Estamos asesinando a niños, a refugiados, a mujeres... Todos tenemos las manos manchadas de sangre

Es que hace un par de días, aquí al lado, en el Mar de Alborán, Salvamento Marítimo rescató a tres supervivientes de una patera. El resto, 49 seres humanos, están muertos. Y es que, verás, Mundo, en lo que va de año ya deben de haber fallecido en el Mediterráneo cerca de 1.400 personas; todos ellos, los muertos y los que lograron sobrevivir, forman parte de los más de 65 millones de hombres, mujeres y niños que se encuentran desplazados por el mundo buscando un hilo de esperanza para su futuro. Algo debemos estar haciendo mal, Mundo, porque una de cada tres mujeres que habitan este planeta sufre violencia física y/o sexual en algún momento de su vida. Y no hay ricos y pobres en este tremendo drama: la violencia de género no entiende ni de culturas ni de rentas per cápita.

Pero si prefieres, Mundo, hablamos de conflictos armados, de tensiones sociales, de terrorismo: son tantos que me resulta casi imposible contabilizarlos. Te diré solo lo que ha ocurrido en los seis años que lleva Siria en guerra: casi medio millón de muertos y más de un millón y medio de heridos. No está mal, ¿no? Pues con esas cifras amanecemos cada día, desayunamos los que podemos permitirnos ese lujo y nos saludamos cortésmente los unos a los otros. Con esas cifras van mis nietos cada día a su colegio sin saber que 8.500 niños como ellos morirán ese día a causa de la malnutrición. Y mañana otros 8.500, y pasado mañana.

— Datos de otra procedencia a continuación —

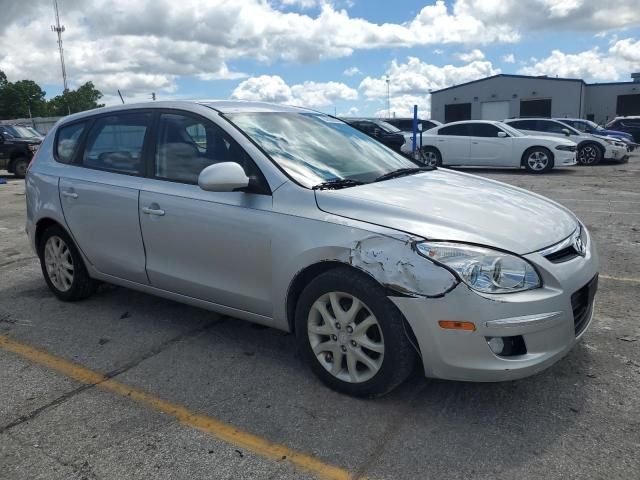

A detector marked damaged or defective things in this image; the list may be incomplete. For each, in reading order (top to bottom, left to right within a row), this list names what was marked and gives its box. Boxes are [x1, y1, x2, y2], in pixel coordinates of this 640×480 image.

cracked headlight [416, 242, 540, 294]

Mira, Mundo perro, hoy no estoy para bromas y te dirijo esta carta desesperada avergonzado cuando repaso las cosas que me preocupan. Esto es un disparate. No estamos haciendo algo mal, estamos, sencillamente, asesinando a niños, a refugiados, a mujeres, a minorías, y todos tenemos las manos manchadas de sangre. Dime, injusto y perro Mundo, qué puedo hacer para no sentirme tan culpable. No basta con escribir esta columna, con mandarte esta carta; pero no sé qué más puedo hacer sino llorar y lamentarme. Ni las lágrimas ni los lamentos van a cambiar el paisaje. Ese es el drama.

Imposible despedirme de ti porque soy parte tuya.